During a high school football game last year between Madras and Redmond, Apex Physical Therapy co-owner and licensed athletic trainer Brock Monger, DPT, ATC, noticed the familiar signs of a potential concussion. The crack of helmets, a delay in getting up, a slight stumble, disorientation … to a trained eye, the symptoms of a concussion are difficult to miss, even from the sidelines.
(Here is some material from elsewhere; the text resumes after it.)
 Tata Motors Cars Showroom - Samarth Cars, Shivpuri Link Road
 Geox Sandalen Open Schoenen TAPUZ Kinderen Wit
“I have about a three-second threshold,” Brock said. “If a player takes three seconds or more to get to his feet, I don’t hesitate – I’m on the field to check on his condition.”
On this particular night, Brock initially diagnosed a possible concussion and had just helped the player to the sidelines for additional testing. While he was attending to the player, a coach interrupted.
“He suspected another kid was experiencing concussion-type symptoms and he wanted to bring it to my attention,” Brock said. “This is great awareness on the coach’s part, and it definitely signals an across-the-board improvement in people’s awareness about concussions, from student-athletes and their parents to school administrators and coaches. We’re definitely headed in a good direction.”
Since the fall of 2007, Brock has provided athletic training services along the sidelines at Madras High School football games as well as courtside during several boys’ and girls’ basketball games. Throughout these six years, Brock credits the efforts of the health care community – locally, regionally and nationally – in working to shift the sports culture from cavalier to caution when it comes to the potential for head injury.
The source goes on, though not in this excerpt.